Was $360 Million To Test Common Core Standards Necessary?

Wads of cash change hands in front of a skyscraper.

Catherine Gewertz reports in Education Week that fifty-one percent of American students will not be taking either the PARCC or Smarter Balanced (SBAC) tests. These tests were underwritten by a U.S. Department of Education grant of $360 million and were designed to test the Common Core standards. Eighteen states will use the Smarter Balanced tests, while only ten states and the District of Columbia will use PARCC. About a dozen states that initially agreed to administer the PARCC tests have backed out. The SBAC might lose one of its eighteen states, since Governor Scott Walker proposed pulling Wisconsin out of SBAC.

 

Given these numbers, the National Assessment of Educational Progress, which tests samples of students in every state (and D.C.), will continue to be the authoritative national gauge of student test scores.
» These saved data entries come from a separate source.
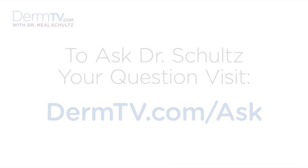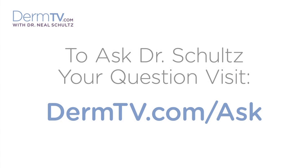Hello, I'm Dr. Neal Schultz and welcome to DermTV. People ask me if pores open and close. They certainly don't open and close by themselves, but the size of the pores can change. Pores can get bigger if there's a clog, and they can contract and get smaller if the clog is cleaned out. That's what people get confused with pores opening and closing.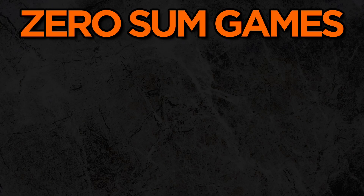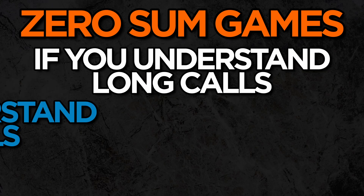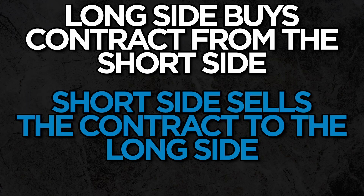We worked through the long call basics with the Tesla example, so I'll assume you're good to go with that. Here are two things to drop a pin in as we get rolling. First, remember that options are zero-sum games — whatever one side wins, the other side loses and vice versa. This is helpful because if you understand how to work through long calls, you're also indirectly working through short calls. Second, it's always best to think of the option contract from the standpoint of the long side buying the contract from the short side — or the short side selling the contract to the long side.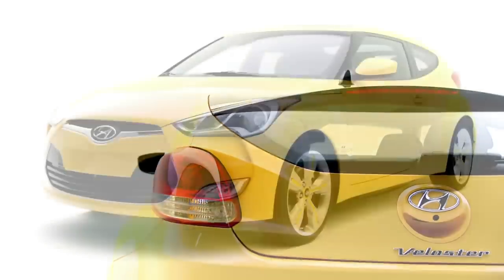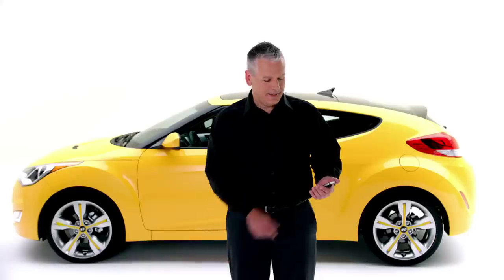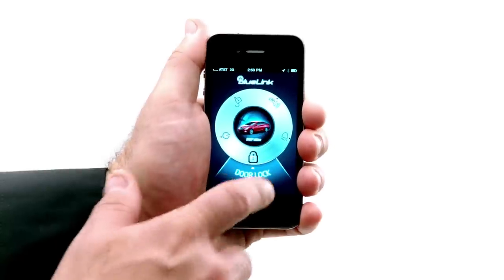If you have a smartphone, there are lots of different ways that you can communicate with your vehicle. If it's raining and you get to the front of a store and you can't remember if you locked your car, you don't want to walk through the rain again. Pull out your smartphone, hit lock car, and lock your doors.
With only twenty-eight percent of the nation’s students taking the same test (SBAC), the public will not be able to compare student performance from state to state, unless they happen to live in the eighteen states giving the SBAC. Why it is valuable to compare the performance of students in different states remains a puzzle; why it was necessary to spend $360 million to do so is even more puzzling, given that the same information is gathered and published by NAEP for all fifty states and D.C.